Obwohl die Hisbollah sagte, die am Samstag abgefeuerten Raketen seien eine „erste Reaktion“ auf die Ermordung des Hamas-Beamten gewesen, sagte er, die Gruppe könne Schwierigkeiten haben, die Region in einen größeren Krieg hineinzuziehen.
„Die Hisbollah ist definitiv der mächtigste Akteur im Libanon, aber sie kann den Libanon nicht „kontrollieren“, wie manche Parteien vielleicht denken. Es muss Allianzen bilden und Kompromisse mit unterschiedlichen politischen Agenden und Orientierungen eingehen. Bisher sehe ich keinen Grund zur Besorgnis“, behauptet Saade.
Dennoch gibt es Gerüchte über zunehmende regionale Spannungen im Nahen Osten.
Die im Jemen stationierten Huthi-Rebellen haben seit dem 19. Dezember mindestens 23 Angriffe auf Schiffe im Roten Meer verübt.
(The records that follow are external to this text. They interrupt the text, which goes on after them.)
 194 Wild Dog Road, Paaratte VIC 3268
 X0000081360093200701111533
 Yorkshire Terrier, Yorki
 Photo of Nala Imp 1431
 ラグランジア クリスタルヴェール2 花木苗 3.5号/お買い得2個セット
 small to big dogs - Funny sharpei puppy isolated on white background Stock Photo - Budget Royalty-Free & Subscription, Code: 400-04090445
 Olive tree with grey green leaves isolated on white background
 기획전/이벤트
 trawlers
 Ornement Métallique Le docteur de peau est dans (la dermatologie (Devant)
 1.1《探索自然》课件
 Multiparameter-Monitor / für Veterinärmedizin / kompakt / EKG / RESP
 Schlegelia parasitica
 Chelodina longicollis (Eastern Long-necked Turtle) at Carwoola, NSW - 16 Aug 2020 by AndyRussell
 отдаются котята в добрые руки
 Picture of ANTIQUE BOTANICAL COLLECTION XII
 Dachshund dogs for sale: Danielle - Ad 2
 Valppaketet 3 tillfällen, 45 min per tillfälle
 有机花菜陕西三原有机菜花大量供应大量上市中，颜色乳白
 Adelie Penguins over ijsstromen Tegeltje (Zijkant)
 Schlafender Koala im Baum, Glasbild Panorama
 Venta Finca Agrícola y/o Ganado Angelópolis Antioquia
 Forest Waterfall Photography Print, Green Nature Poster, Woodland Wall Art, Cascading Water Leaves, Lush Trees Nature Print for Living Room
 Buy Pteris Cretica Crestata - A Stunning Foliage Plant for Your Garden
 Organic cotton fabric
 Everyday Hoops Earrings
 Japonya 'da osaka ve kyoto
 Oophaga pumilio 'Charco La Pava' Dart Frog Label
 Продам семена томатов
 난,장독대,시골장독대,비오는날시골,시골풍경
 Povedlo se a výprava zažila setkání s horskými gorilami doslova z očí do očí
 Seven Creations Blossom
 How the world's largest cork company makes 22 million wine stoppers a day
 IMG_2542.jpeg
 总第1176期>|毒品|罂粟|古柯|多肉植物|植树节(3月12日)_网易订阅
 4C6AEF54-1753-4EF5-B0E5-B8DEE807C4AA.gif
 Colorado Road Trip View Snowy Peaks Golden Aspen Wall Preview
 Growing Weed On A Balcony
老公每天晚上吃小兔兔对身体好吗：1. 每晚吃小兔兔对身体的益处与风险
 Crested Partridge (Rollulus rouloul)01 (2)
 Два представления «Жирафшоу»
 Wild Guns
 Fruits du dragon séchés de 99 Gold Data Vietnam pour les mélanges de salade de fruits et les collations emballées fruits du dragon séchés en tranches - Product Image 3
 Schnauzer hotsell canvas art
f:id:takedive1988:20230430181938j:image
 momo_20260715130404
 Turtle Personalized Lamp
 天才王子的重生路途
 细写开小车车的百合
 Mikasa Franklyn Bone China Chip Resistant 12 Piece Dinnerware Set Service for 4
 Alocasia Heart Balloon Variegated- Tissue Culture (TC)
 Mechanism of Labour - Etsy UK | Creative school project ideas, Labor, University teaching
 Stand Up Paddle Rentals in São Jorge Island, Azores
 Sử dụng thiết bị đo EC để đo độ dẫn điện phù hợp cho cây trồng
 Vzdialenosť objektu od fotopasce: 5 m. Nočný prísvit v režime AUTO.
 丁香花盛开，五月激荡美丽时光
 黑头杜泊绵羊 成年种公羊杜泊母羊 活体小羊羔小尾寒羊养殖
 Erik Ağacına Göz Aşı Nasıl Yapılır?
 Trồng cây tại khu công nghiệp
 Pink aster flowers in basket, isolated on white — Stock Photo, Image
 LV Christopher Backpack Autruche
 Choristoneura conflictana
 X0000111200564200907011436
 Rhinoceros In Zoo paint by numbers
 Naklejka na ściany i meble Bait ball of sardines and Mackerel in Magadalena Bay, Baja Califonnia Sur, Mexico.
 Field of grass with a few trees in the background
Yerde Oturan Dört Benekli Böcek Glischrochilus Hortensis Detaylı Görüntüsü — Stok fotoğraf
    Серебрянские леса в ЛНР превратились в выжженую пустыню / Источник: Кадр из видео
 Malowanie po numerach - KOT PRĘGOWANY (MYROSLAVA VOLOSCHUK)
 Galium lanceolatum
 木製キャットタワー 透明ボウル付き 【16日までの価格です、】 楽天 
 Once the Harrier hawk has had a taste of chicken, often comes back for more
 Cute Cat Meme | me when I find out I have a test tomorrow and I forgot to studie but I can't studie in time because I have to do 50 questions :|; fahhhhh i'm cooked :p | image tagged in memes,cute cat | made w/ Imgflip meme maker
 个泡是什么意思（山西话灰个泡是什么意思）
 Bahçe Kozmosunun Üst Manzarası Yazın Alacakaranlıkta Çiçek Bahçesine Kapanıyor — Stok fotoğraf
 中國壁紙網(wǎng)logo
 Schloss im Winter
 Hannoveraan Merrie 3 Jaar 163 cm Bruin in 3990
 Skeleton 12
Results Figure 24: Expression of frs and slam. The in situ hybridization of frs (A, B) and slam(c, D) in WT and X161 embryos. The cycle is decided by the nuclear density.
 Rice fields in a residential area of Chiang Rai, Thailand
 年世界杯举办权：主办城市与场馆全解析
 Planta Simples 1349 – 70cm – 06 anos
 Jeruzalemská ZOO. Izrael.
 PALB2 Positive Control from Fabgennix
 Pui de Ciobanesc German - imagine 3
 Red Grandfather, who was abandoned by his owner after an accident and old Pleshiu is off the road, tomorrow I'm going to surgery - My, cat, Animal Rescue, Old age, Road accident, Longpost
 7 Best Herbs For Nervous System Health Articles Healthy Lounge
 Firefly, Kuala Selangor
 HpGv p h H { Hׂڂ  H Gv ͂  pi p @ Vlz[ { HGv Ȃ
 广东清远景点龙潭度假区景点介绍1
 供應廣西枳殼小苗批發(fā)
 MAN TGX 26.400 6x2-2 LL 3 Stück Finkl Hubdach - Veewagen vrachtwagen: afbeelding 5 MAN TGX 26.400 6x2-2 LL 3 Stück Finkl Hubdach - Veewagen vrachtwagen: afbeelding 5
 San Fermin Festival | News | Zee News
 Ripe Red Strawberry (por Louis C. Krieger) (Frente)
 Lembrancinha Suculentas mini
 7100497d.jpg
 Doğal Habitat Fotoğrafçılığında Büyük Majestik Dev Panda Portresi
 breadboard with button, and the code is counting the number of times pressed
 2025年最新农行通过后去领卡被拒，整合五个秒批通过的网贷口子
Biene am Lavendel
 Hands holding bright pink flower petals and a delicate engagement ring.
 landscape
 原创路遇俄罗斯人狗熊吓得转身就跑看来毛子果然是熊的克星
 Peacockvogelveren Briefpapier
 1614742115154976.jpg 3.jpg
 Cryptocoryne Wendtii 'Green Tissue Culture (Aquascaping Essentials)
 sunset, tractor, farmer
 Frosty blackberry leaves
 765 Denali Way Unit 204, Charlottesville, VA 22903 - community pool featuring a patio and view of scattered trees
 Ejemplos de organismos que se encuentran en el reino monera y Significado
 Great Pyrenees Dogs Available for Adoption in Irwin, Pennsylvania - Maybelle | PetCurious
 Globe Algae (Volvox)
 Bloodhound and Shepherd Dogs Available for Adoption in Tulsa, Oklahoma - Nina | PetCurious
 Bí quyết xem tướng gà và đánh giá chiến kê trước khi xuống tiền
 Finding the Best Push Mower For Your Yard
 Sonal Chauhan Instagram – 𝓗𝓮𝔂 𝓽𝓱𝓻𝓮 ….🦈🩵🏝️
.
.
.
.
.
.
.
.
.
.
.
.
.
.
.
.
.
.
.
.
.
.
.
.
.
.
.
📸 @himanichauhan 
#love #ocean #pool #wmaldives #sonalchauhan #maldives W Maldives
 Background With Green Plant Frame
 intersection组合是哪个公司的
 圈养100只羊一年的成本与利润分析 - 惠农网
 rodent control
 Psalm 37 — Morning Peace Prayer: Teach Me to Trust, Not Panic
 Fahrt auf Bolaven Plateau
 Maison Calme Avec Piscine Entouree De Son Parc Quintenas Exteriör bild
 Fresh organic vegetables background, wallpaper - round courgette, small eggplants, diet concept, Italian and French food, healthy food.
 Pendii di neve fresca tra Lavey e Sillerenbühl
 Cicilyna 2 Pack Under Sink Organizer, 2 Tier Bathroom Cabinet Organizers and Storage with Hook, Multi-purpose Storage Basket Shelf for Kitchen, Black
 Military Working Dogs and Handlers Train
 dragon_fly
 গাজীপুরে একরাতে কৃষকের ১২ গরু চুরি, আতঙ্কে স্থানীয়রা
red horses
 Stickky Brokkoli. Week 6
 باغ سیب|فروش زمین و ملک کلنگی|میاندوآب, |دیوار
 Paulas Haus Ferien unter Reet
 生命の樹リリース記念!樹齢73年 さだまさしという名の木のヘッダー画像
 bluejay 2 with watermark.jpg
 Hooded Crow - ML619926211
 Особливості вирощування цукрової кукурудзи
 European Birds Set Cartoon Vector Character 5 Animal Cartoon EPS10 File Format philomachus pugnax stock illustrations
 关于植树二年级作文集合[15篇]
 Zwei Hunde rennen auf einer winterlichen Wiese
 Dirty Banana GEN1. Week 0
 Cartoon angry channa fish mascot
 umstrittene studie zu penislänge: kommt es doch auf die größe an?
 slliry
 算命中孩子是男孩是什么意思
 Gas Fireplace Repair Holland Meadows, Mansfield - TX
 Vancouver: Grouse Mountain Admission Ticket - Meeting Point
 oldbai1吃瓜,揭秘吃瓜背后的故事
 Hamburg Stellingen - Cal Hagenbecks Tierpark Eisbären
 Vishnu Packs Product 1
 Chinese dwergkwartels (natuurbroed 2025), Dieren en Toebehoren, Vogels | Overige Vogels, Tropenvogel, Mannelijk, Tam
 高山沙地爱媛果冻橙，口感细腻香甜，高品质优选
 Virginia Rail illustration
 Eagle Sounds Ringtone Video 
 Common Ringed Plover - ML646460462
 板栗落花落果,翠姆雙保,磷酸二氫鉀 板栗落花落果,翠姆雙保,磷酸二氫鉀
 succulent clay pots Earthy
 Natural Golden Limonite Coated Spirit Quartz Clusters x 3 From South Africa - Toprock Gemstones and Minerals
Sie sagen, dass sie zur Unterstützung der Palästinenser israelische oder nach Israel fahrende Schiffe angreifen.
Die Vereinigten Staaten und zwölf ihrer Verbündeten haben die Rebellen offenbar zum letzten Mal gewarnt, ihre Angriffe auf der wichtigen Schifffahrtsroute für den Welthandel einzustellen – andernfalls drohten mögliche gezielte Militäraktionen.
Sie hoffen, dass die Warnung ausreichen wird, um weitere Gewalt seitens der Fraktionen, die dies wollen, abzuschrecken.
„Die Vereinigten Staaten streben keinen Konflikt mit irgendeiner Nation oder einem Akteur im Nahen Osten an, noch wollen wir, dass sich der Krieg zwischen Israel und der Hamas in der Region ausweitet“, sagte John Kirby, Sprecher des Nationalen Sicherheitsrats des Weißen Hauses, letzte Woche.
„Aber wir werden auch nicht vor der Aufgabe zurückschrecken, uns selbst, unsere Interessen, unsere Partner oder den freien Fluss des internationalen Handels zu verteidigen“, fügte er hinzu.